Membicarakan teori serta mempraktekan entrepreneurship sama sulitnya. Secara teoritis, dari perdebatan tentang apakah seorang entrepreneur adalah orang yang menghadapi ketidakpastian kemudian mengubahnya menjadi keuntungan, atau dia hanya seseorang yang selalu mencari keuntungan tanpa harus menghadapi resiko ketidakpastian. Berpedaan-perbedaan tersebut sering menjadi pertentangan diantara para teoritikus. Apakah Kang Maman pengusaha Sol Sepatu ataukah Aburizal Bakrie yang selalu sembunyi di ketiak kekuasaan yang bisa disebut entrepreneur? Ataukah keduanya sama-sama entrepreneur? Kita serahkan masalah ini untuk diperdebatkan oleh kalangan intelektual dan teoritikus saja. Di sini kita akan membicarakan yang praktis-praktis.

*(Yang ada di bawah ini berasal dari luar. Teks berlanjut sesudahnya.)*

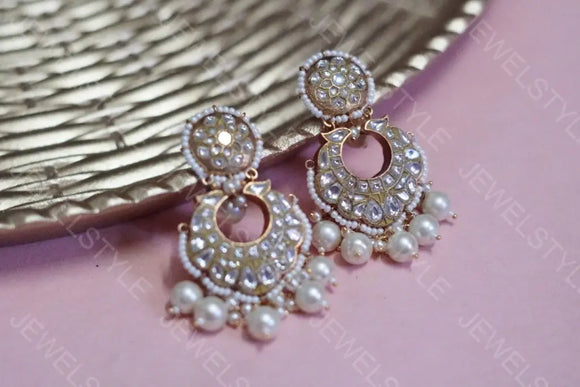Kundan chandbali (Preorder) 1-383 JEWELSTYLE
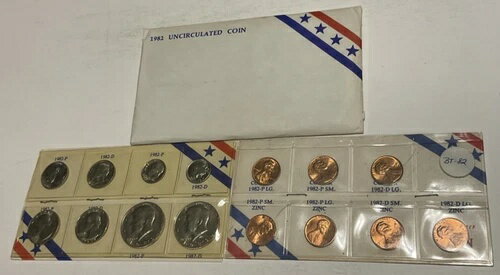 1982年 P&D 未流通アフターマーケット土産ミントセット（封筒入り）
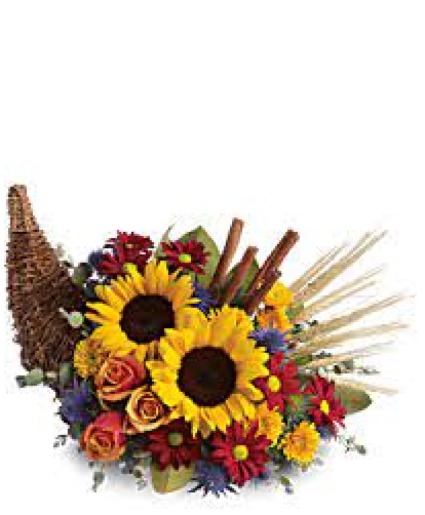 Thanksgiving Sunflower Cornucopia 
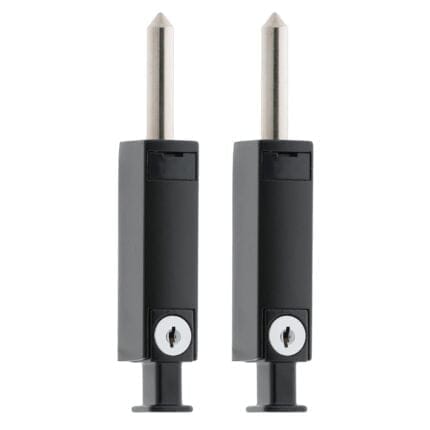 Matt Black 281 Security Patiobolt (45mm) - 2 Pack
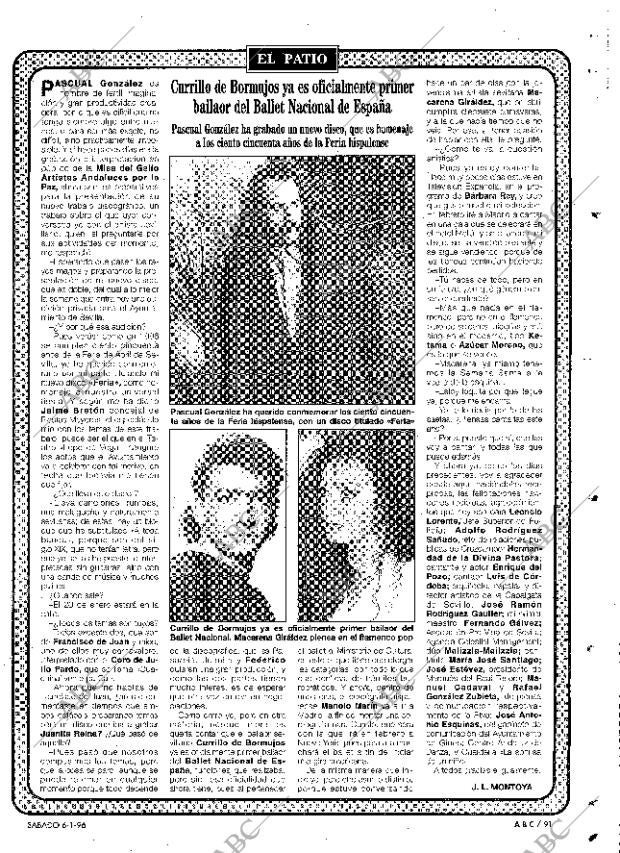 ABC SEVILLA 06-01-1996 página 91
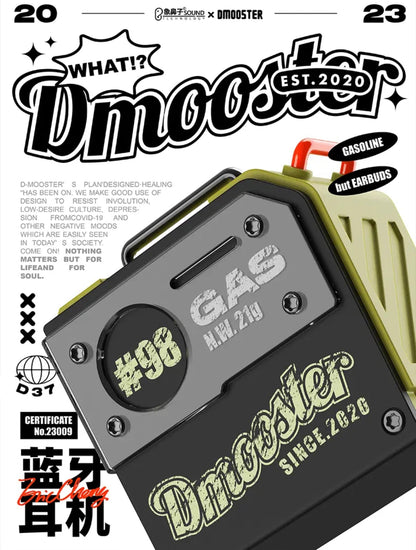 Elephant Trunk Co-branded Big Monster DMOOSTER #98 Oil Barrel Bluetooth Headset D37 Wireless Sports Model For Running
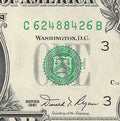 Radar Fancy Serial Number One Dollar Bill 1981 2s 4s 6s 8s  CB  All Even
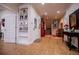 Spacious living room featuring neutral walls, recessed lights, and an open floor plan with access to other rooms at 4149 Yancey Rd, Douglasville, GA 30135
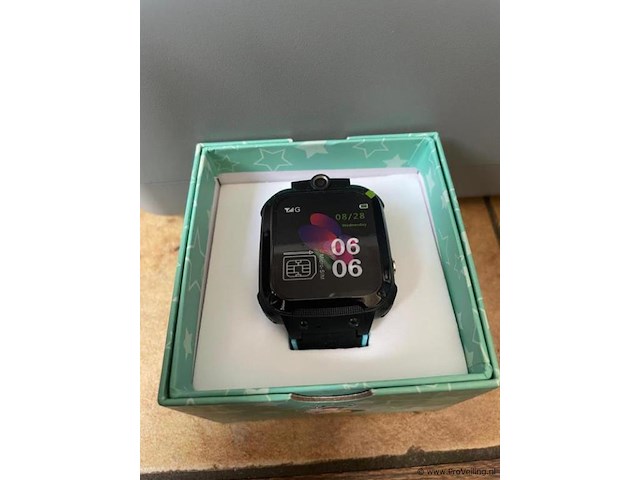 1x smartwatch voor kinderen – locatie – bellen – camera 2g – belfunctie – track - roze met zwart - afbeelding 7 van  11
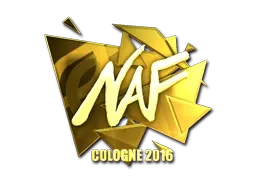 Sticker | NAF (Gold) | Cologne 2016 - $ 73.74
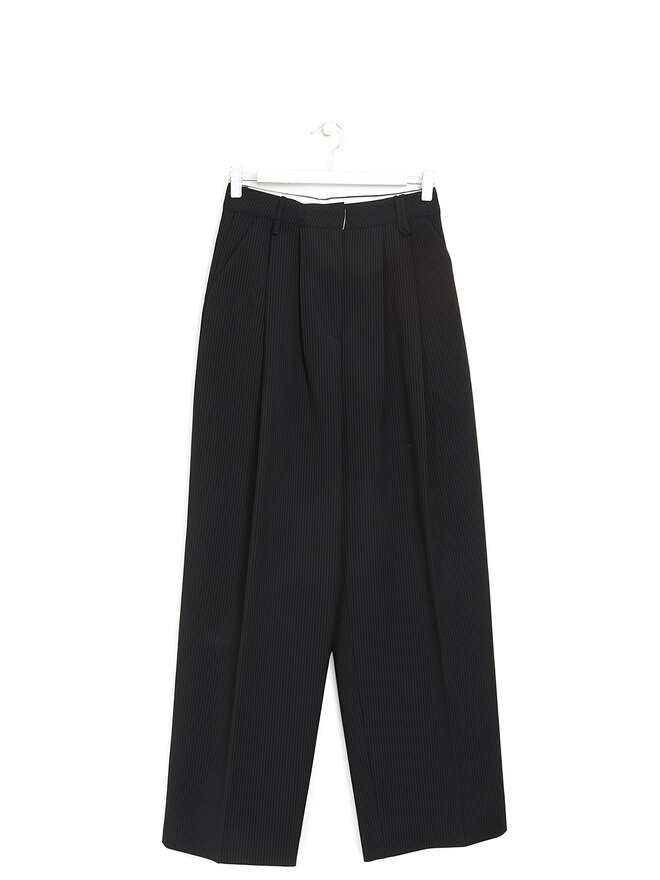 The Frankie Shop Wide Leg Black Trousers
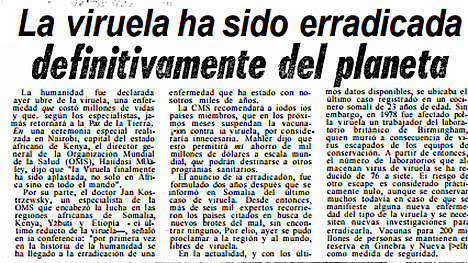 Programa de Erradicación de Viruela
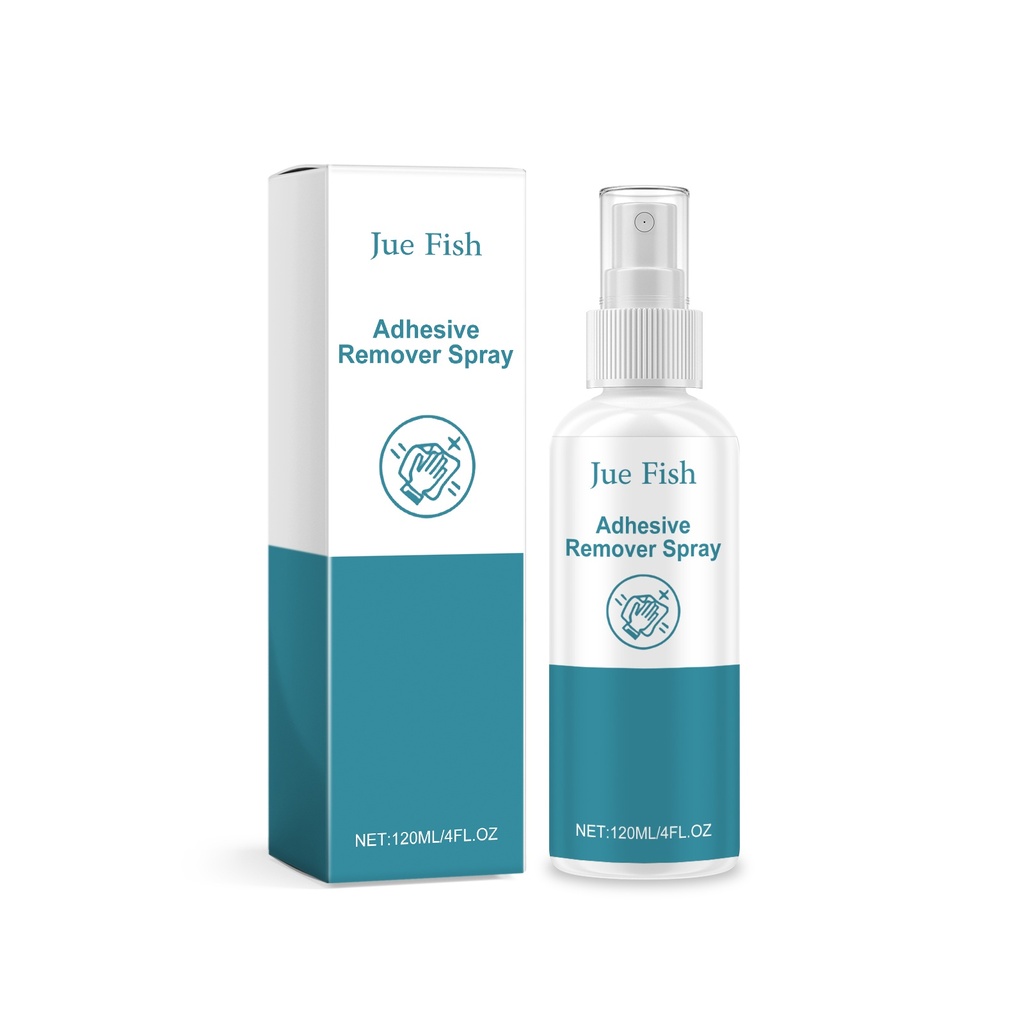 Bình xịt tẩy rửa mảnh kính kim loại Jue Fish, Xịt tẩy bỏ keo dư trong gia đình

Setidaknya untuk menjadi entrepreneur kita harus mempunyai beberapa prasyarat. Pertama, kita setidaknya lebih dahulu meyakini apa yang kita lakukan. Tanpa keyakinan yang cukup, menurut saya, mustahil bagi kita untuk menjalankan sesuatu dengan mantap, dengan pasti, dan dengan konsisten. Dengan berdasarkan keyakinan, Insya Allah modal apapun yang kita butuhkan akan segera datang. Berdasarkan pengalaman, dahulu hingga sekarang saya hanya bermodalkan keyakinan---walaupun sebagian orang menyebut saya nekad. Itulah subyektivitas, ketika saya menganggapnya keyakinan, orang lain sering menyebut kenekatan. Jadi jangan terlalu hiraukan apa kata orang lain apabila diri kita sendiri sudah meyakini dan menghendakinya. Tetaplah fokus pada jalur yang anda tempuh sebagai wirausaha. Yakini dan lakukan.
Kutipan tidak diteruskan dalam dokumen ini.